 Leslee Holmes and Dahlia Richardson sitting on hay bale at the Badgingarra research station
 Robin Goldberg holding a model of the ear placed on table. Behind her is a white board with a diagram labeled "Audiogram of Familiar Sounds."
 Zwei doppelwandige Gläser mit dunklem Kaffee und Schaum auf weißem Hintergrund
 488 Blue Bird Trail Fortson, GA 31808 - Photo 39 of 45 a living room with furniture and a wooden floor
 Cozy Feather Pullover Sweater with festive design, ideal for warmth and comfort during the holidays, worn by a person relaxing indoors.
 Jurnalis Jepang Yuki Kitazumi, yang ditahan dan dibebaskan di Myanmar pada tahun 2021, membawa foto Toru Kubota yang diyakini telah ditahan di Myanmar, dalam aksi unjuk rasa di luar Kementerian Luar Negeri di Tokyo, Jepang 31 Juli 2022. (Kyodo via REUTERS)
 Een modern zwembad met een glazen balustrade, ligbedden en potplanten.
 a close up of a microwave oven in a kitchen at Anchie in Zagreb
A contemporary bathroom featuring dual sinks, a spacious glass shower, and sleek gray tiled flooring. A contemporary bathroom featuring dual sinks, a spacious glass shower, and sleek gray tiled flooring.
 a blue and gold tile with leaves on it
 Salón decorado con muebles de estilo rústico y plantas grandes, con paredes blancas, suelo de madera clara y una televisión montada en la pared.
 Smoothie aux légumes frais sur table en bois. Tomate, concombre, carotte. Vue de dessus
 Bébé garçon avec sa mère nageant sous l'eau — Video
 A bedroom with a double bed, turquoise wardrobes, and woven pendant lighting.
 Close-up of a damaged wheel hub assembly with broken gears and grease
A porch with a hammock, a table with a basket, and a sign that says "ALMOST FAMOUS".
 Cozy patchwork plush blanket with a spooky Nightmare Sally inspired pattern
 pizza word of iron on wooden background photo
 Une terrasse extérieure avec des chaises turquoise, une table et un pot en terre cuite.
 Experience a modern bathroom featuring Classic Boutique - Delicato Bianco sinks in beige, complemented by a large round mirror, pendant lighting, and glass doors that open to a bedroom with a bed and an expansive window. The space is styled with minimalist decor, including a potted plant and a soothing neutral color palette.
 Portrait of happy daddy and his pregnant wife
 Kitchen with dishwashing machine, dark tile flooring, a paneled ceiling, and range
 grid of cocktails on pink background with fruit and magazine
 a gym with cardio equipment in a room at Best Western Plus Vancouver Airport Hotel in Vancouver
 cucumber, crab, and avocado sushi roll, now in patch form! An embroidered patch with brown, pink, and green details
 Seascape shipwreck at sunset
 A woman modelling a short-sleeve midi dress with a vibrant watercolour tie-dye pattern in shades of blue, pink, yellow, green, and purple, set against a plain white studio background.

----

- ACTIVITY
Could you copy each line from the listing that has the word "table" in it?

- EXPECTED OUTPUT
 Robin Goldberg holding a model of the ear placed on table. Behind her is a white board with a diagram labeled "Audiogram of Familiar Sounds."
 Smoothie aux légumes frais sur table en bois. Tomate, concombre, carotte. Vue de dessus
A porch with a hammock, a table with a basket, and a sign that says "ALMOST FAMOUS".
 Une terrasse extérieure avec des chaises turquoise, une table et un pot en terre cuite.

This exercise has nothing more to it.